One of the measures taken to tackle sole ulcers was to replace cubicle mattresses, to encourage cows to lie down more.
Sole ulcers develop from standing too much and, because of poor mattress comfort, cows had not been lying down enough.
The new mattresses were installed in the summer of 2020. “It takes cows a while to learn to lie down again," explained Ms Pedersen.
"But now that they are they are so much more comfortable on their feet, cleaner and that means less digital dermatitis too."
To improve ventilation, space boarding was removed around the shed and fans were repositioned.
The foot trimming regime has been improved to ensure that cows are presented for trimming when needed and pre-calving heifers are now also included.
Working closely with Cattle Hoof Care Standards Board-audited foot trimmer Alan Colebatch has been key, and constant communication with the team has helped drive decisions on further interventions and protocols, said Ms Pedersen.
To aid this, Mr Morgan’s partner, Sarah Smith, carries out fortnightly mobility scoring checks, to pick up on problems at the very early stages of lameness, before ulcers develop.
“We want to make sure we catch every cow early enough before a foot issue becomes a problem which is why we set our sensitivity really high," Ms Pedersen said.
"We would rather have ten cows through the crush and treat eight than have eight and miss two."
Her top tip to farmers is to invest in a pair of hoof testers for early detection – these cost around £20.
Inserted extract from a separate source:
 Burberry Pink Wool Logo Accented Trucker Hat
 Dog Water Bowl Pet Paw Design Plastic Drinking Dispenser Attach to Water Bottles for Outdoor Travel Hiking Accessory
“Every time you pick up a cow you think might be sore, test her, she will tell you if she is in pain," she added.
Cases of lameness at Graig Olway spiked at 49% in the summer of 2020 as a result of heat stress.
But this was tackled with a data-driven approach to trimming and treatment options, reducing incidence to its current level of 24%; no cases of sole ulcers have been detected in the last five months.
“All credit to Russell and his team for really following through on improving cow comfort and treatment, they are on the other side of some of the big challenges," said Ms Pedersen.
As the project moves forward, the focus will shift to improving ventilation to avoid a rise in lameness this summer and culling out cows with chronic lameness as heifers enter the herd.
“Our target is to get lameness to less than 10% and I absolutely believe we can do that within the timeframe of the project," she added.